Directions: Every line in the records below between the one holding "MJ5 Dance Group" and the one holding "Las Flores Villa", inclusive, is to be set down exactly; all other lines are to be left out.

Dataset extract:
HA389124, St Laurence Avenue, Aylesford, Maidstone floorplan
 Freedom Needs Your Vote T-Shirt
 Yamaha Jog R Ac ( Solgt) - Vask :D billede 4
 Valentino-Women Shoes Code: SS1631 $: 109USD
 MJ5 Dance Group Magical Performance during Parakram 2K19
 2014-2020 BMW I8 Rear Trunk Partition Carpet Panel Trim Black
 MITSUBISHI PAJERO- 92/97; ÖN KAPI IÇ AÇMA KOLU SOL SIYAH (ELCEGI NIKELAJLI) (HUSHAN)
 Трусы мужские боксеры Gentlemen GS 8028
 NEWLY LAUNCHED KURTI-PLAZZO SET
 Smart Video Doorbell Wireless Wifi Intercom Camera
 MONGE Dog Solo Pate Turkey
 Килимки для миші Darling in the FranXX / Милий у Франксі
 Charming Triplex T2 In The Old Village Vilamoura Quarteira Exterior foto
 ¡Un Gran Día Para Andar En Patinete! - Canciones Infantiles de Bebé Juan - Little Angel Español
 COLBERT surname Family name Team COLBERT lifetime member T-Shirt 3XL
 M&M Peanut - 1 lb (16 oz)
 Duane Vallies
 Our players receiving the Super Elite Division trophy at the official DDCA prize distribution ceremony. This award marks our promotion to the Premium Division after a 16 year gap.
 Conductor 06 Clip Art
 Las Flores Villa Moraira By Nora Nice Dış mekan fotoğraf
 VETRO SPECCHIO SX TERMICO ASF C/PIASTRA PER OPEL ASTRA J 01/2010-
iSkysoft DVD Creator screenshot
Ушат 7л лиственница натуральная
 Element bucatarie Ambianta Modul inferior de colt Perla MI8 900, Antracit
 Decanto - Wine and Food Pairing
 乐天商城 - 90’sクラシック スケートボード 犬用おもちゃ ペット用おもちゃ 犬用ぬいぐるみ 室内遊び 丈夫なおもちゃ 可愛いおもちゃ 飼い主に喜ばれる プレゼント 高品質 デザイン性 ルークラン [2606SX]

Exercise solution:
 MJ5 Dance Group Magical Performance during Parakram 2K19
 2014-2020 BMW I8 Rear Trunk Partition Carpet Panel Trim Black
 MITSUBISHI PAJERO- 92/97; ÖN KAPI IÇ AÇMA KOLU SOL SIYAH (ELCEGI NIKELAJLI) (HUSHAN)
 Трусы мужские боксеры Gentlemen GS 8028
 NEWLY LAUNCHED KURTI-PLAZZO SET
 Smart Video Doorbell Wireless Wifi Intercom Camera
 MONGE Dog Solo Pate Turkey
 Килимки для миші Darling in the FranXX / Милий у Франксі
 Charming Triplex T2 In The Old Village Vilamoura Quarteira Exterior foto
 ¡Un Gran Día Para Andar En Patinete! - Canciones Infantiles de Bebé Juan - Little Angel Español
 COLBERT surname Family name Team COLBERT lifetime member T-Shirt 3XL
 M&M Peanut - 1 lb (16 oz)
 Duane Vallies
 Our players receiving the Super Elite Division trophy at the official DDCA prize distribution ceremony. This award marks our promotion to the Premium Division after a 16 year gap.
 Conductor 06 Clip Art
 Las Flores Villa Moraira By Nora Nice Dış mekan fotoğraf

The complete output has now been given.